◆ Task objective
Exclude the pictures and repeat all of the data exactly.
Available data section start
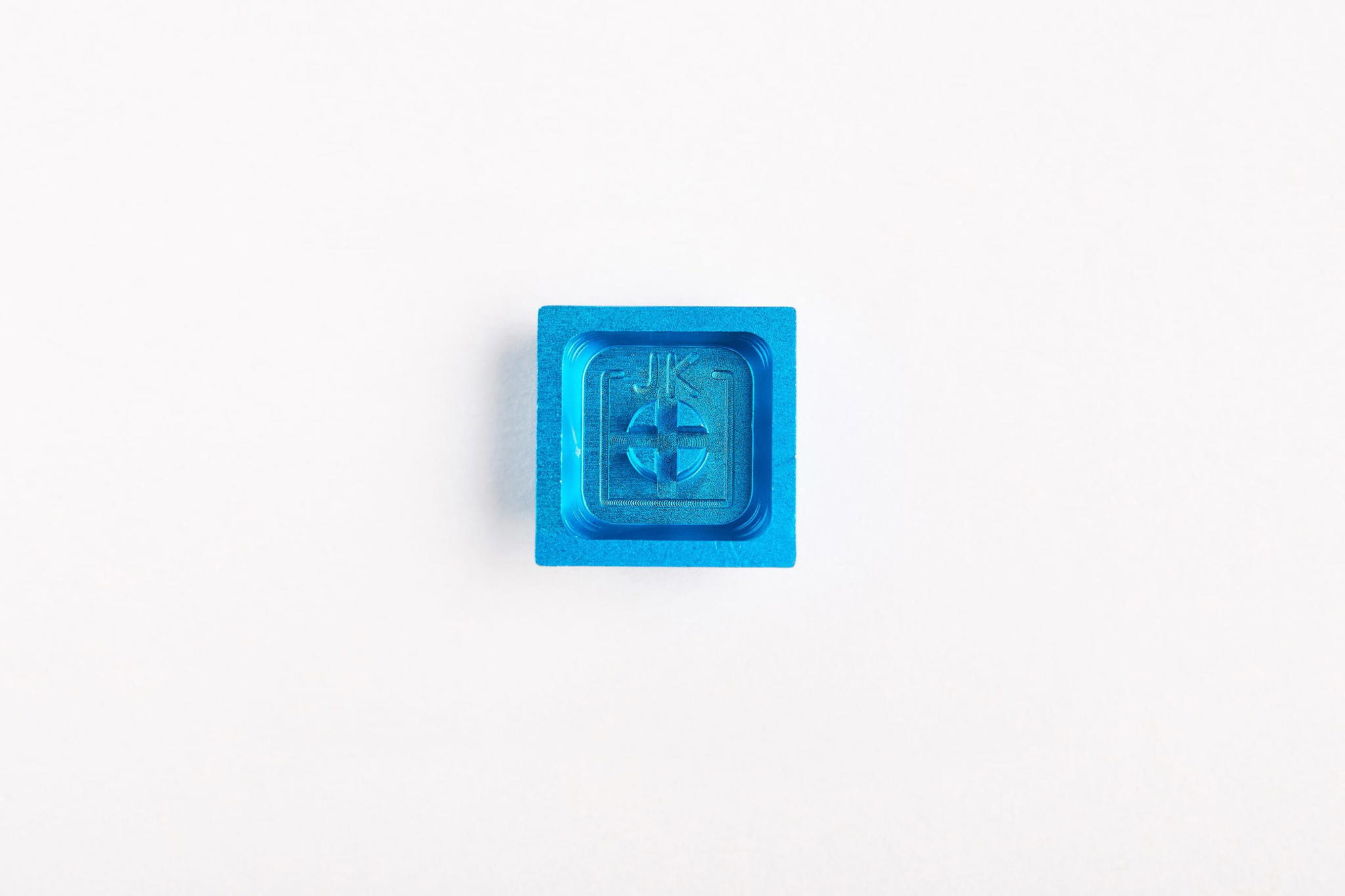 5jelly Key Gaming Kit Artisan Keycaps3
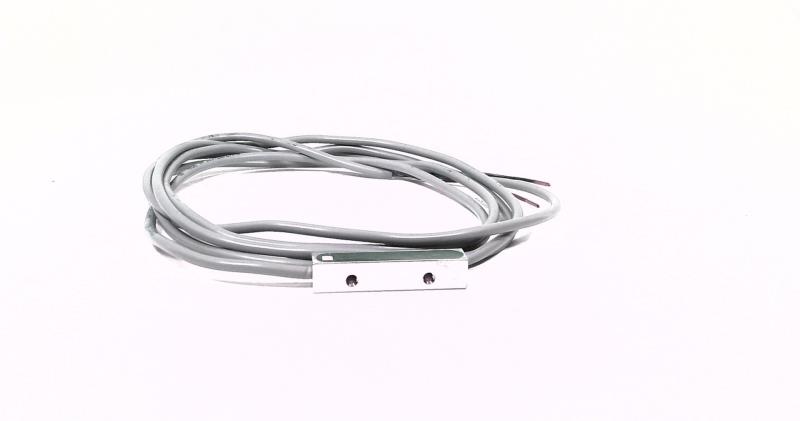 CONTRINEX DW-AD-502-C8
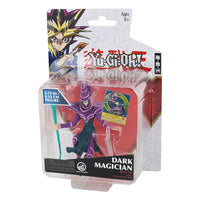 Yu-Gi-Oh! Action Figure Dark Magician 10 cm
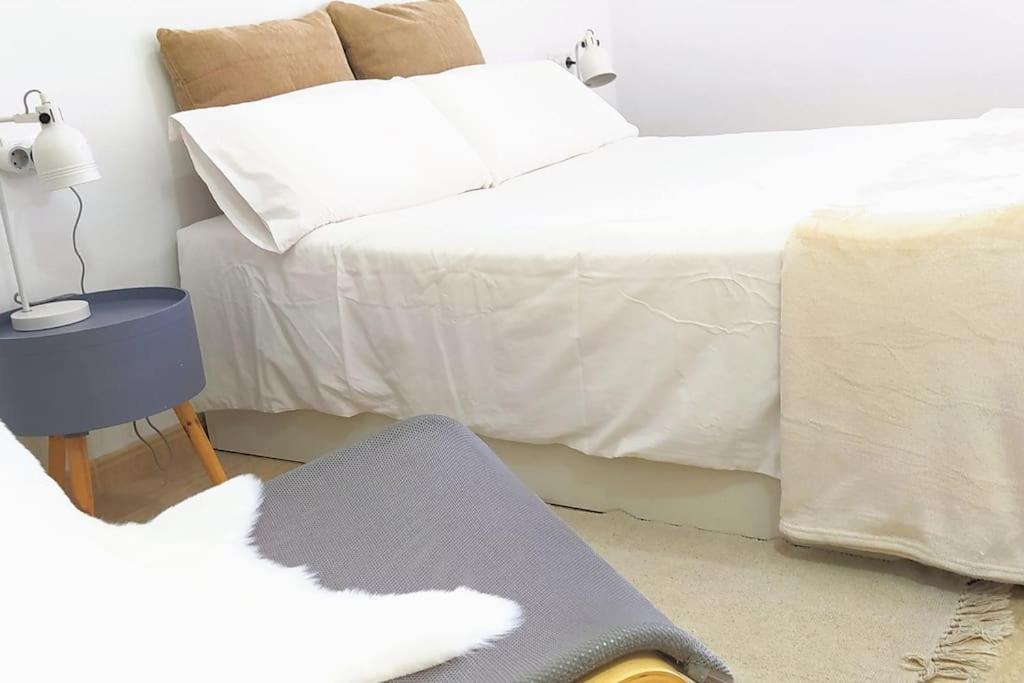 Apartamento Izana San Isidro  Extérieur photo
Available data section end
◆ Finished exercise
 5jelly Key Gaming Kit Artisan Keycaps3
 CONTRINEX DW-AD-502-C8
 Yu-Gi-Oh! Action Figure Dark Magician 10 cm
 Apartamento Izana San Isidro  Extérieur photo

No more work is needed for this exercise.